Is there one experience in the book that you can share that comes directly from your own time in NC?
To protect the guilty, I’ll skip at least one true story… Probably most interesting is the graduation party scene in the book. That takes place in a real neighborhood – Deerfield – that used to host the sort of parties found in John Hughes movies. Naked people. Monstrous messes. It was my first experience with that sort of party and I always wanted to write about it. However, what truly captured my interest in Deerfield parties happened a few years after I graduated from high school. I was driving by during graduation weekend and noticed a crude paper D was taped on top of the D in Deerfield. Yes, it was now “Beerfield.” I will never find that unfunny.
No Parking At the End Times is about a family’s religious observance with an extreme religious group/cult. Meet Me Here is about a young man choosing to show up for boot camp after having enlisted in the Army. Both topics are particularly poignant at this moment. What do you like about setting small stories in the Big Issues?
It probably sounds arrogant, but I want to write books about Big Issues. There’s something to be said about fiction taking on these issues (the same goes with any art, really) because it allows readers to empathize with the characters. The trick is not making the Big Issue the only part of the plot. There has to be a story that helps nuance the issue, that helps show that nothing is actually black and white. For religion and war/nationalism, that’s tough. But I think it’s the sort of work that fiction is uniquely capable of doing. Kids (and adults, for that matter) can use novels to dip a toe into bigger questions of justice, marginality, and abuse. They can begin to have those conversations. And for some kids, it’s a way to see themselves represented in literature. As a kid who didn’t grow up wealthy, I can’t minimize the effect of seeing a show like Roseanne. It was like: “Shit, I don’t get the Cosby’s. But I get this.” That’s important and it’s something I hope I can keep doing with every book I write.
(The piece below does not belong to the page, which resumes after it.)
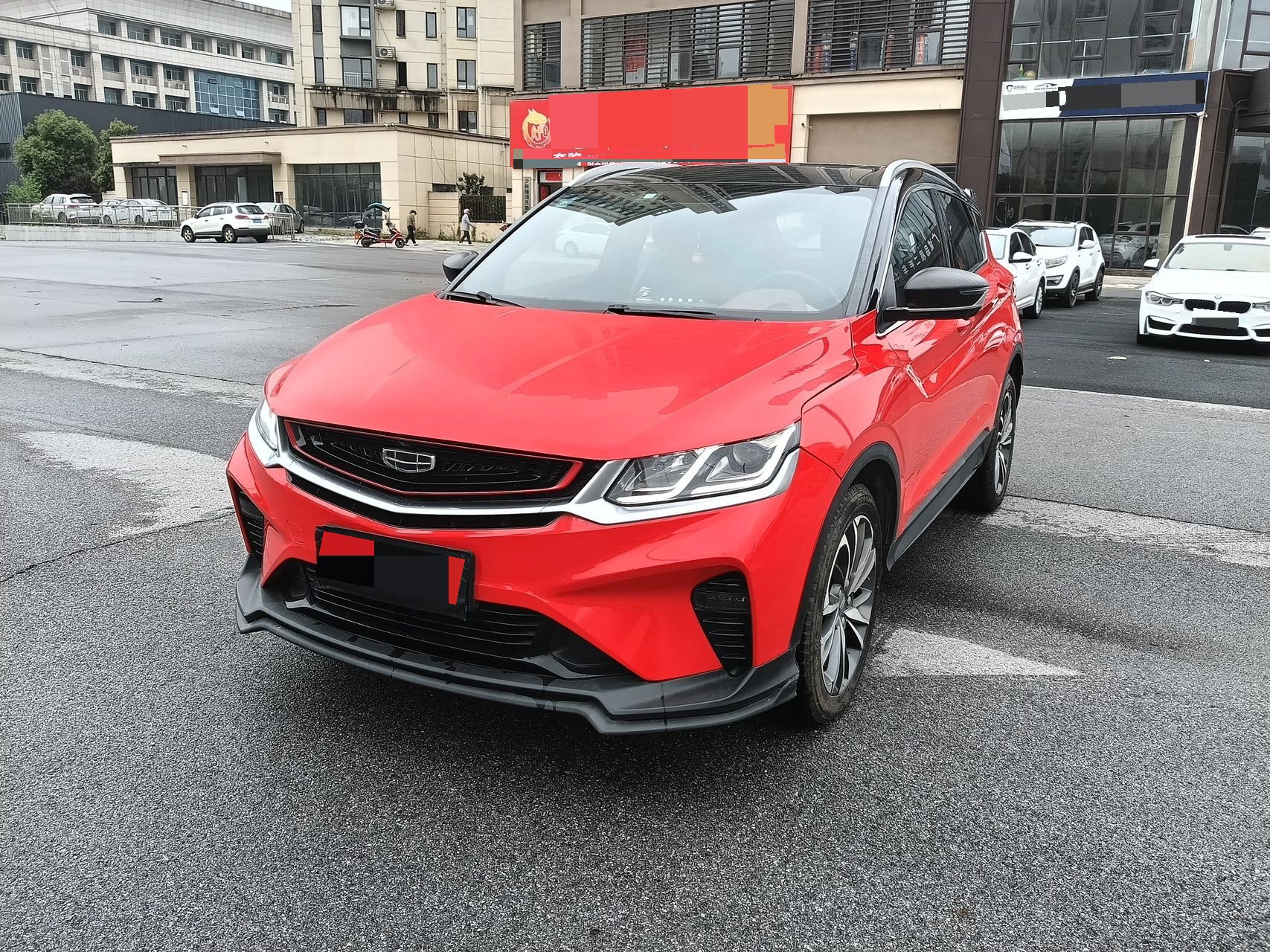 GEELY Coolray 2020 GEELY Coolray 2020 image de voiture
Did you always know what choice Thomas would make in the end?
Without spoiling the ending, I always knew which direction he’d go. Interestingly enough, as I was revising the book with my editor, I suddenly wanted him to make a different decision. I actually plotted out a new ending that had Thomas acquiesce to the views of his father, his community. But at the end of that day, that didn’t seem like the right thing to do for the story.
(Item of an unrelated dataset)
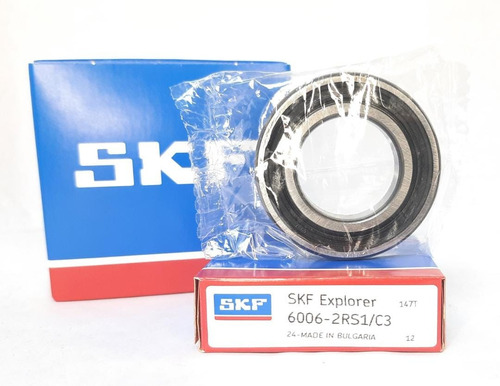 Skf Rodamiento 6006-2rs1/c3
Do you think he made the right one?
This is a trick question. I firmly believe that a story ends the way it ends, which is slightly controversial in certain parts of the internet. Just because you want a character to make a decision…doesn’t mean she or he should do that. In fact, that’s probably a recipe for some boring ass books. As I climb off my soap box, I’ll actually get to the spirit of your question. I think, ultimately, Thomas made the right decision in that specific moment. Another part of my fiction, I think, is the idea that we are never bound by our decisions. There’s nothing you can’t come back from—whether that’s homelessness, crazy religion, parental expectations, or even being on death row (which is the topic of my next book.) The word is redemption. And it remains a powerful theme in everything I write.